その後の多数の吉本芸人たちのSNS発信や取材を受けての発言、それに吉本興業とコラボ事業を展開している政府関係者や公正取引委員会のコメントも出るに及んで、コンプライアンスやパワハラ問題、独占禁止法上の問題も明らかになり、焦点が今や「吉本興業自身の体制・体質問題」へと移って来た感があります。

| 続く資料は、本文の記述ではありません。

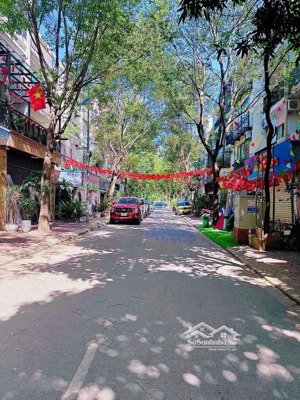 lk trịnh văn bô chưa đến 300tr/m 3 ôtô tránh vỉa hè đẹp 61m 4 tầng có thể lên 5 tâg và lắp đc t.may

「吉本興業のグダグダ内戦」も終結には数年はかかるかもしれません。

閑話休題、2016年10月に出版された呉座勇一氏の「応仁の乱」(中公新書)が、37万部を超える異例の大ヒットとなりました。それなりに人々の関心があるテーマのようです。

そこで今回はこの「応仁の乱」について、色々な角度から考えてみたいと思います。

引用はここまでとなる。